2. Diabetic Nephropathy

Diabetes can induce kidney diseases when high glucose levels owing to diabetes damage the parts of the kidneys that filter blood. This damaged filter can then leak urea into your blood, which can further build up and cause several complications. A review(4) of controlled trials has proved that adopting a low protein diet can significantly improve kidney functions in patients of diabetic nephropathy.

3. Phenylketonuria

A rare genetic birth condition, Phenylketonuria decreases the metabolism of an amino acid called phenylalanine (Phe). It results in increased levels of amino acid in the blood, which your body cannot process.

If the Phe levels become too high, it can lead to brain damage(5), behavioral symptoms, seizures, or intellectual deficiencies. The primary treatment for Phenylketonuria requires the patient to follow a low protein diet(6) throughout their childhood to avoid aggravating their Phe levels.

4. Homocystinuria

An inherent disorder, Homocystinuria affects children and makes them unable to process the amino acid methionine. The methionine and the amino acid homocysteine buildup disrupt vital functions, causing severe weight gain or loss, severe nearsightedness, and other developmental complications.

The main treatment(7) for Homocystinuria includes a diet that reduces the intake of the two amino acids, which you can achieve by following a very low-protein diet.

Note: You can resume a high carb low protein diet after consulting with your doctor to ensure that you receive the required energy through your meals.

Did You Know!

The structure of a protein can cause your immune system to react. For instance, some people are allergic to gluten(8), the protein found primarily in wheat, rye, and barley.

What Should You Eat on a Low Protein Diet?

While your diet needs to be customized to suit your condition, you can go through the following section of low protein foods divided based on the content of protein in them to create the ideal diet plan.

Foods (100 gm) Protein (gm)
Apple 0.3
Grape 0.6
Grapefruit 0.8
Peach 0.9
Banana 1.1
Carrot 0.9
Tomato 0.9
Onion 1.1
Asparagus 2.2
Broccoli 2.8
Mushroom 3.1
Oatmeal 2.5
Brown Rice 2.6
White Rice 2.7

Of course, other foods that are low in protein can also be included in your diet.
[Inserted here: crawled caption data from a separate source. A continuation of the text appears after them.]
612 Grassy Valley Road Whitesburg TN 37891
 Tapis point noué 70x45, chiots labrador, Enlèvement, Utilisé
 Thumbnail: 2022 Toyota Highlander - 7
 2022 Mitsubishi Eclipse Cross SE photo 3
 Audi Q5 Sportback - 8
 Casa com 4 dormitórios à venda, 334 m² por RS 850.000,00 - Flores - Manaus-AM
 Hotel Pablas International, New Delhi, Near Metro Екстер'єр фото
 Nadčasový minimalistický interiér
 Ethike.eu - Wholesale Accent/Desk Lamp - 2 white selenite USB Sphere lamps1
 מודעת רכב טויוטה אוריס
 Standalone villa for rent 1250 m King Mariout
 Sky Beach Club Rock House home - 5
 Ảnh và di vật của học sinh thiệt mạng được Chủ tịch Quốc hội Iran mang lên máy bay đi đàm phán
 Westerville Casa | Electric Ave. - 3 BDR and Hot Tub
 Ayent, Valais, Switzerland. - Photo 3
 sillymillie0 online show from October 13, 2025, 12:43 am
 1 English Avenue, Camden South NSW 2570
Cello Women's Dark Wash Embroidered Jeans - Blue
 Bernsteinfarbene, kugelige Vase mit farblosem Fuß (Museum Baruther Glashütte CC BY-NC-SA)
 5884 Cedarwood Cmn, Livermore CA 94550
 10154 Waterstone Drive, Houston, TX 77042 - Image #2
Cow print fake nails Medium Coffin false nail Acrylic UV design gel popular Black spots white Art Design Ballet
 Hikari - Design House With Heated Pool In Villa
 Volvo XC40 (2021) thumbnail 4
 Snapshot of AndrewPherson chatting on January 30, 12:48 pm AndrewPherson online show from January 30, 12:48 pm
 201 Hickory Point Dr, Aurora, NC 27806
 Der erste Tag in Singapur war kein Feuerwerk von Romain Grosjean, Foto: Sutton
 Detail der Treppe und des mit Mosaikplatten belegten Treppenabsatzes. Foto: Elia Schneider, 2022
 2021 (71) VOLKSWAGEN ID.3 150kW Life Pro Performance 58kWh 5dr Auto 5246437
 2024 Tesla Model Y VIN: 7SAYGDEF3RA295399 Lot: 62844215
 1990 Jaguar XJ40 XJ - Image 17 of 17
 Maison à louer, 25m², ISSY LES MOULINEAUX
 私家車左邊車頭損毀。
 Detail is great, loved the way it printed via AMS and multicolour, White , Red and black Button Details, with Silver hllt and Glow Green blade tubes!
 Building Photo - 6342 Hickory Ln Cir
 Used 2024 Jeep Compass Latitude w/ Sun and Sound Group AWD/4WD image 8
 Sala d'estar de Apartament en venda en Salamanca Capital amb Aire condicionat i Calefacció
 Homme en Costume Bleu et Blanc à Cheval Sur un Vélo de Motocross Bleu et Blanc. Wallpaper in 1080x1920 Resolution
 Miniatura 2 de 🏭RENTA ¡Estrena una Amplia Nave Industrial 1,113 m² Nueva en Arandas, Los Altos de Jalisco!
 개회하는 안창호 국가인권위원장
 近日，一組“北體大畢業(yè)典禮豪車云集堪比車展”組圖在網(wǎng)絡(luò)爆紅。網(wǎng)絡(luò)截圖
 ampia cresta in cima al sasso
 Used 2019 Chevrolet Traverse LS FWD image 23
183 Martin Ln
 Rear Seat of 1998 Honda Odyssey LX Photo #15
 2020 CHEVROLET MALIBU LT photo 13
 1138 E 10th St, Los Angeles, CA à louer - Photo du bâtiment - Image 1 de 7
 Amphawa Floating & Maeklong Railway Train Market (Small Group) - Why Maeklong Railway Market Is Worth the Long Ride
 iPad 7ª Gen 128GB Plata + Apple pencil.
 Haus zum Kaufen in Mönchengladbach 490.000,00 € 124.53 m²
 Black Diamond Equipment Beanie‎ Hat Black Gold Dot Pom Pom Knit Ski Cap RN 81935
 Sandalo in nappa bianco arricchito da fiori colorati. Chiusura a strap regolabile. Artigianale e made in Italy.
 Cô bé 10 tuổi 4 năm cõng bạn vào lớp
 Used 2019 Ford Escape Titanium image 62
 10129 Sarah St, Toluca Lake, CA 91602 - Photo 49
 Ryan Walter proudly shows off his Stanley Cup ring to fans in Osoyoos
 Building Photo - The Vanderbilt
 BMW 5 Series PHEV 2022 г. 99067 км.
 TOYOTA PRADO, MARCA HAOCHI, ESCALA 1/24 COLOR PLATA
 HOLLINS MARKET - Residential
This table is merely aimed at giving you a general idea for what you may include in your protein-restricted diet.

Note: It is not advised to cut protein entirely from your diet. Proteins are essential to your growth and development, and a no protein diet can affect your health adversely.

Did You Know!

Insects contain high levels of protein; even more than some popular meats. For instance, crickets are 69% of protein, while beef is only 29%.  

Foods to Avoid

The following foods have high protein-value, and it is best to have zero or very low consumption of them when on a low protein diet.

  • Meats like beef, chicken, and turkey
  • Dairy products like milk and yogurt
  • Nuts like pistachios, and almonds
  • Legumes like lentils, peas, and beans
  • Seeds like pumpkin seed and flaxseeds
  • Fish
  • Shellfish
  • Eggs
  • Tofu


If you’re living with a condition that affects your protein metabolism and strains your kidneys or liver, a low-protein diet is the best treatment plan for you. However, if you do not suffer from any such conditions, no evidence suggests that you should follow a low protein diet.

Before starting on a low protein diet, ensure that you consult your doctor or dietician. They will be able to determine if it is a good option for you and will also help you minimize potential health risks and nutritional deficiencies you should follow.


1. Can you lose weight on a low protein diet?

Yes, you can lose weight on a low protein diet. However, that may only be because of loss of muscle mass, which is not recommended. A low protein diet for weight loss is not a good option if losing weight is your primary purpose.

2. Why do kidney patients need a low protein diet?

Consuming protein-rich food can strain the kidneys of kidney patients and create severe complications. This is because the kidneys filter the waste in proteins and when they are not functioning properly, the waste builds up and enters your bloodstream. So, kidney patients (not on dialysis) are recommended a low protein diet to avoid unnecessary strain on their kidneys.